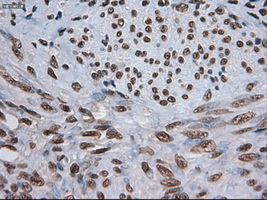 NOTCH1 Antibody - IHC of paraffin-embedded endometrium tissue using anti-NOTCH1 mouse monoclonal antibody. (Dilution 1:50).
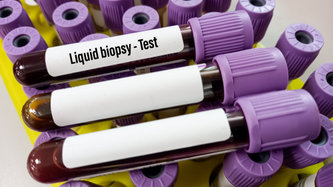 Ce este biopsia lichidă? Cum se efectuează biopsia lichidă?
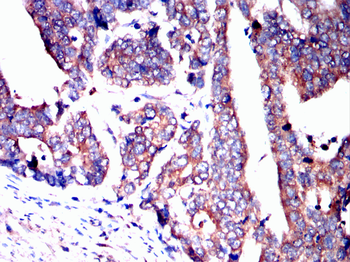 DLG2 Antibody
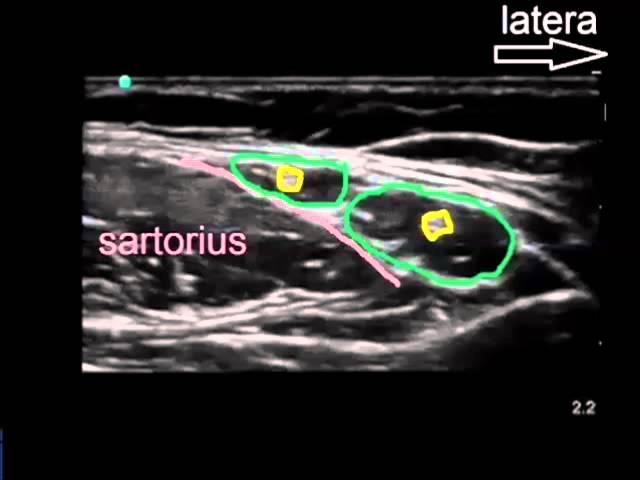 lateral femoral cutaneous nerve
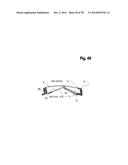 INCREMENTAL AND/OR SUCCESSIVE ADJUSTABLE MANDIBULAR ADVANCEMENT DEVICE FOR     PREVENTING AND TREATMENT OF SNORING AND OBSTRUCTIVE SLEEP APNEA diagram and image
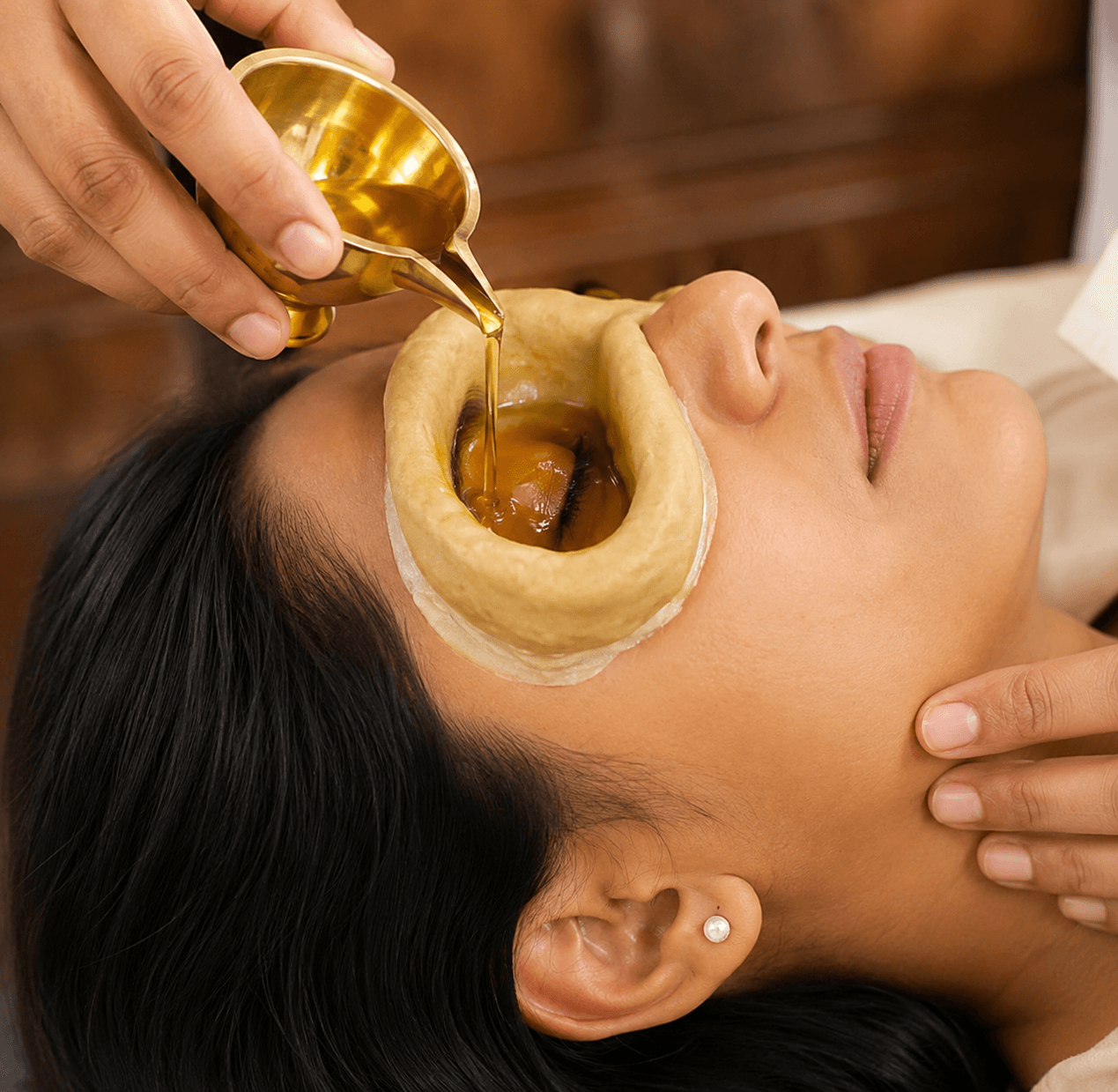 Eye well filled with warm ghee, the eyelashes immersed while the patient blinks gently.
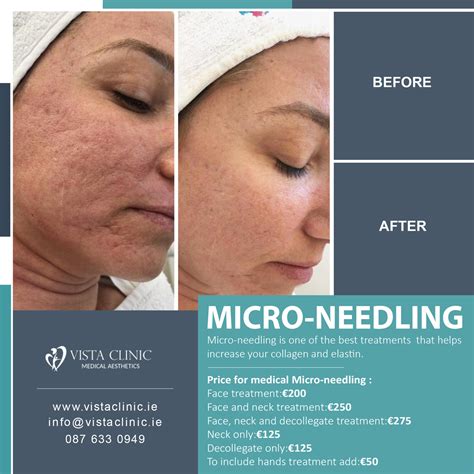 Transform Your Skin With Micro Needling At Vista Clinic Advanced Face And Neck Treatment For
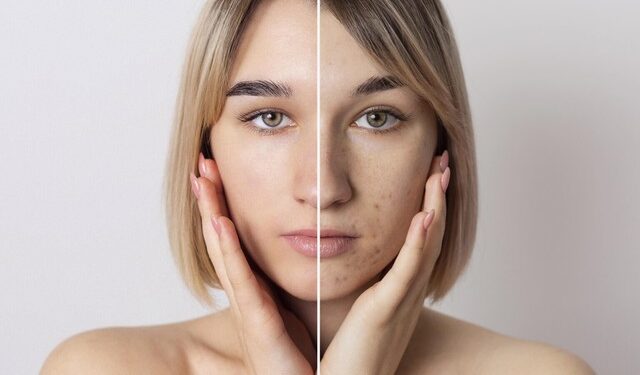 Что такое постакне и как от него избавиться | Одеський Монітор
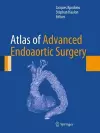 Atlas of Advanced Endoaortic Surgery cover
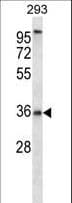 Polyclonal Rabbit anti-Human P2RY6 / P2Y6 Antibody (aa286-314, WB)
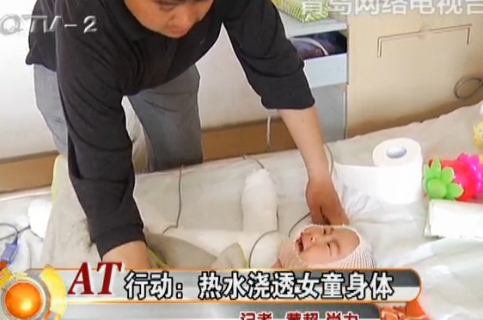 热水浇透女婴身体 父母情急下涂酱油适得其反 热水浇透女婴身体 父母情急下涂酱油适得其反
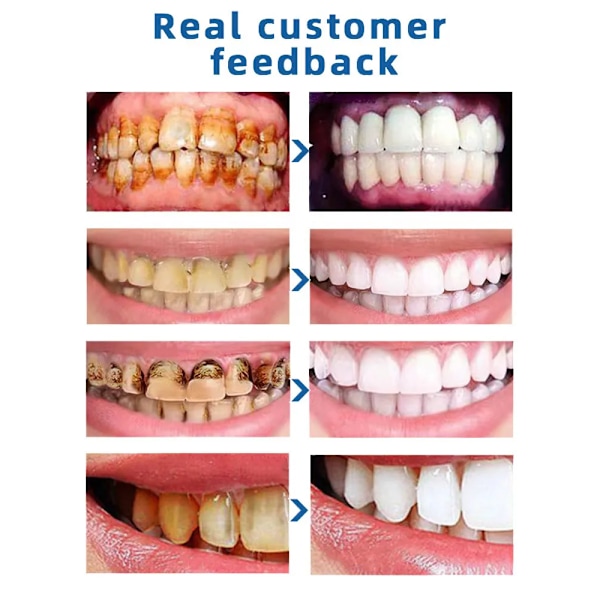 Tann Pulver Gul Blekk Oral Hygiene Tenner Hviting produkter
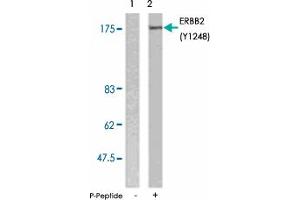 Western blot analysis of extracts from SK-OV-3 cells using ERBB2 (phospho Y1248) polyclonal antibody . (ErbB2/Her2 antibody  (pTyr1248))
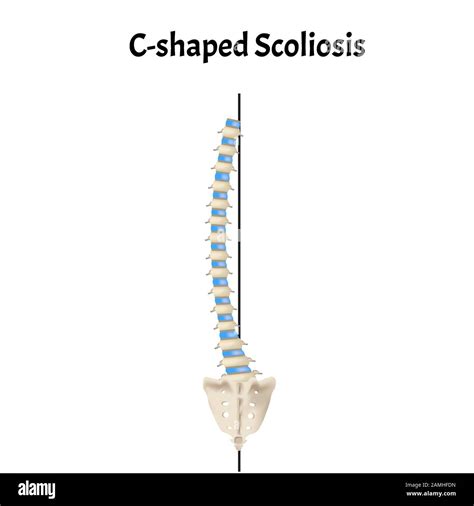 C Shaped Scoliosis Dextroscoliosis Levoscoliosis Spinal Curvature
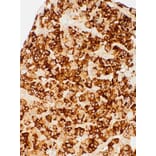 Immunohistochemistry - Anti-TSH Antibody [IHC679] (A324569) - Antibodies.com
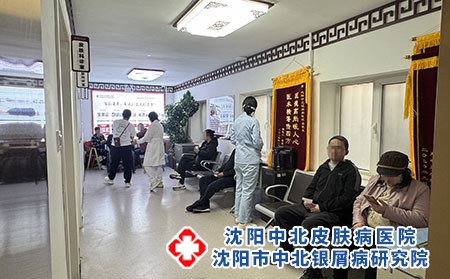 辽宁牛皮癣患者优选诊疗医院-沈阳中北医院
* * *
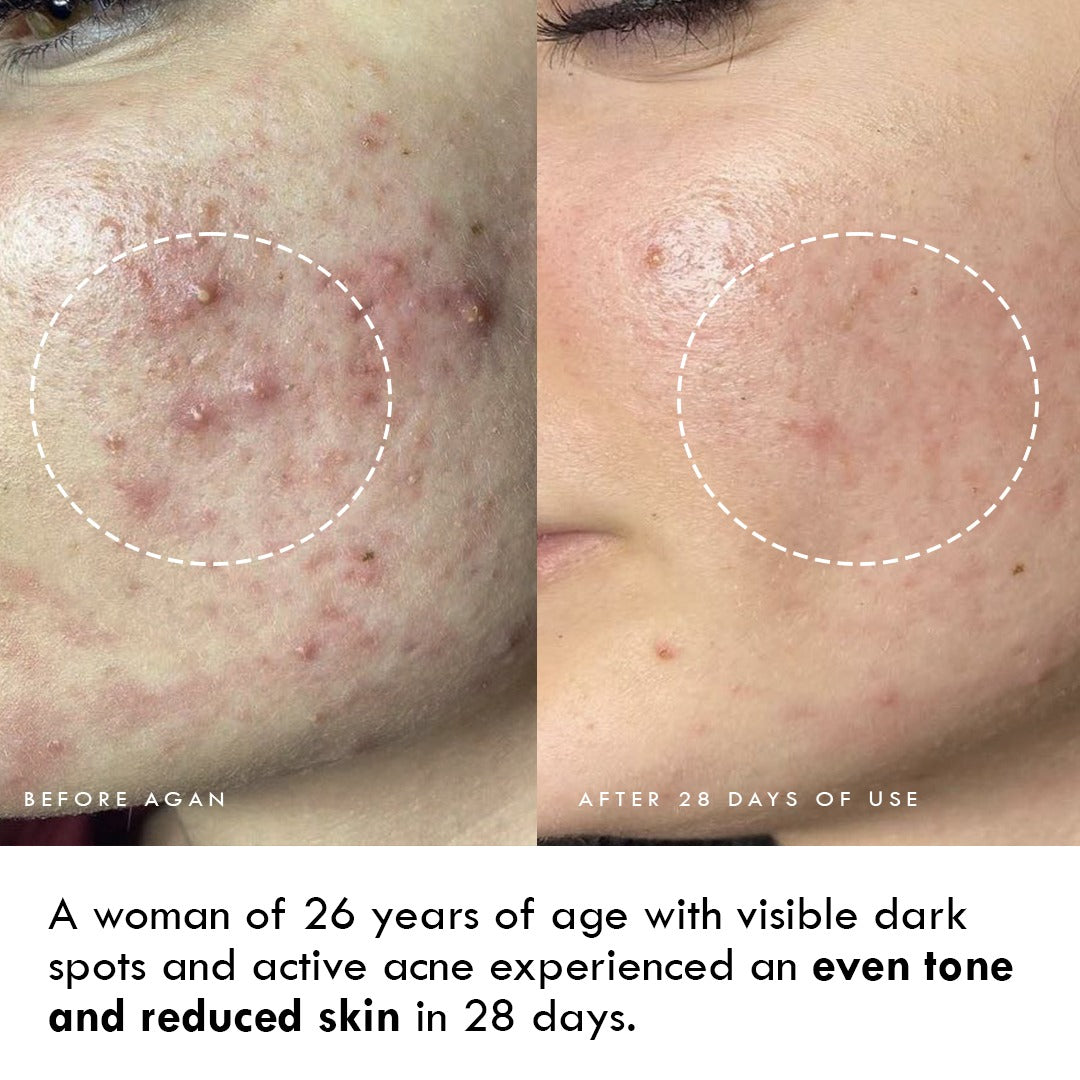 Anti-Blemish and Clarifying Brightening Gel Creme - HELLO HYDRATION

### The problem:
To complete this exercise, transcribe exactly the lines above from the one that holds "NOTCH1 Antibody - IHC" through the one that holds "辽宁牛皮癣患者优选诊疗医院-沈阳中北医院". Pictures stay out.

### Finished exercise:
 NOTCH1 Antibody - IHC of paraffin-embedded endometrium tissue using anti-NOTCH1 mouse monoclonal antibody. (Dilution 1:50).
 Ce este biopsia lichidă? Cum se efectuează biopsia lichidă?
 DLG2 Antibody
 lateral femoral cutaneous nerve
 INCREMENTAL AND/OR SUCCESSIVE ADJUSTABLE MANDIBULAR ADVANCEMENT DEVICE FOR     PREVENTING AND TREATMENT OF SNORING AND OBSTRUCTIVE SLEEP APNEA diagram and image
 Eye well filled with warm ghee, the eyelashes immersed while the patient blinks gently.
 Transform Your Skin With Micro Needling At Vista Clinic Advanced Face And Neck Treatment For
 Что такое постакне и как от него избавиться | Одеський Монітор
 Atlas of Advanced Endoaortic Surgery cover
 Polyclonal Rabbit anti-Human P2RY6 / P2Y6 Antibody (aa286-314, WB)
 热水浇透女婴身体 父母情急下涂酱油适得其反 热水浇透女婴身体 父母情急下涂酱油适得其反
 Tann Pulver Gul Blekk Oral Hygiene Tenner Hviting produkter
 Western blot analysis of extracts from SK-OV-3 cells using ERBB2 (phospho Y1248) polyclonal antibody . (ErbB2/Her2 antibody  (pTyr1248))
 C Shaped Scoliosis Dextroscoliosis Levoscoliosis Spinal Curvature
 Immunohistochemistry - Anti-TSH Antibody [IHC679] (A324569) - Antibodies.com
 辽宁牛皮癣患者优选诊疗医院-沈阳中北医院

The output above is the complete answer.